Spectroscopic properties, concentration quenching and Yb3+ site occupations in vacancied scheelite-type molybdates

A series of micro-crystalline Yb3+-doped vacancied Cd1−3xYb2x□xMoO4 solid solutions has been prepared by a high-temperature solid state reaction method. The structural studies performed by X-ray powder diffraction measurements have shown that the samples are monophasic and crystallize in the tetragonal scheelite-type structure (the space group I41/a, with point symmetry close to D2d) when the x parameter is greater than 0 and does not reach 0.1430 (33.36 mol% of Yb3+ ions). The substitution of divalent Cd2+ by trivalent Yb3+ cations leads to the formation of cationic vacancies in the framework (which are denoted in the chemical formula as □), due to the charge compensation: 3Cd2+→2Yb3++□ vacancy. Direct excitation of Yb3+ by means of 2F7/2→2F5/2 absorption at 940-980 nm leads to reversed 2F5/2→2F7/2 transitions giving Yb3+ emission in the range of 970-1130 nm.
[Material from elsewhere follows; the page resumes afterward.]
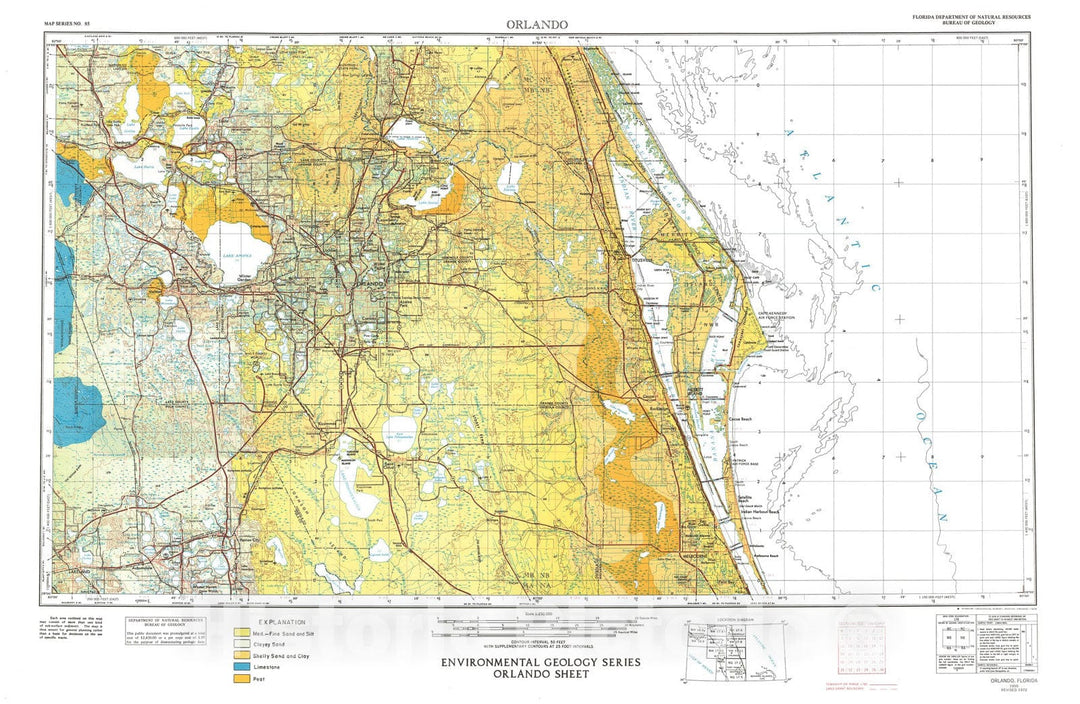 Map : Environmental geology series, Orlando sheet, 1978 Cartography Wall Art :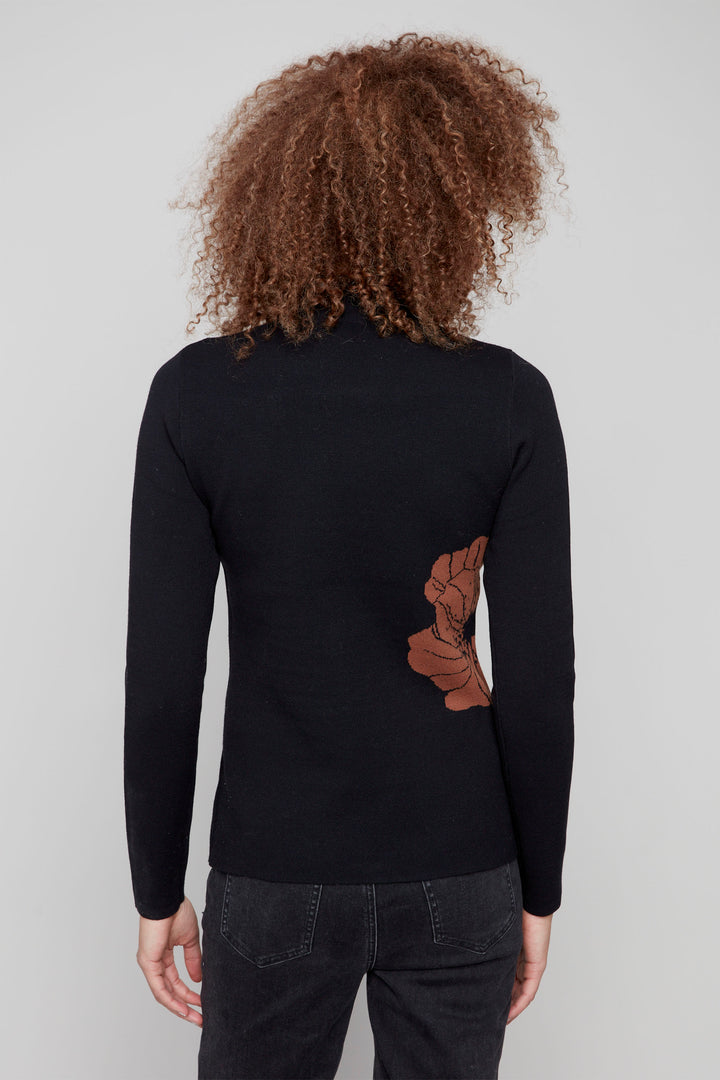 REVERSIBLE MOCK NECK SWEATER TOP WITH FLOWER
The intense and broad emission lines of Yb3+ ions, which are also used as a structural probe at 77 K have been observed. The existence of more than one component of the 0-phonon line at 975 nm and 976.6 nm indicate two Yb3+ distribution sites, which is in agreement with results obtained for the Nd3+ ion. Basing on the absorption and emission spectra the Yb3+ electronic energy levels have been proposed. The effect of dopant concentration had an influence on luminescent properties but had no influence on the powder morphology. Yb3+ concentration dependences of the 2F5/2 experimental decay time were analyzed in order to attempt the understanding of the concentration quenching mechanism and estimate the main parameters useful for a theoretical approach of laser potential.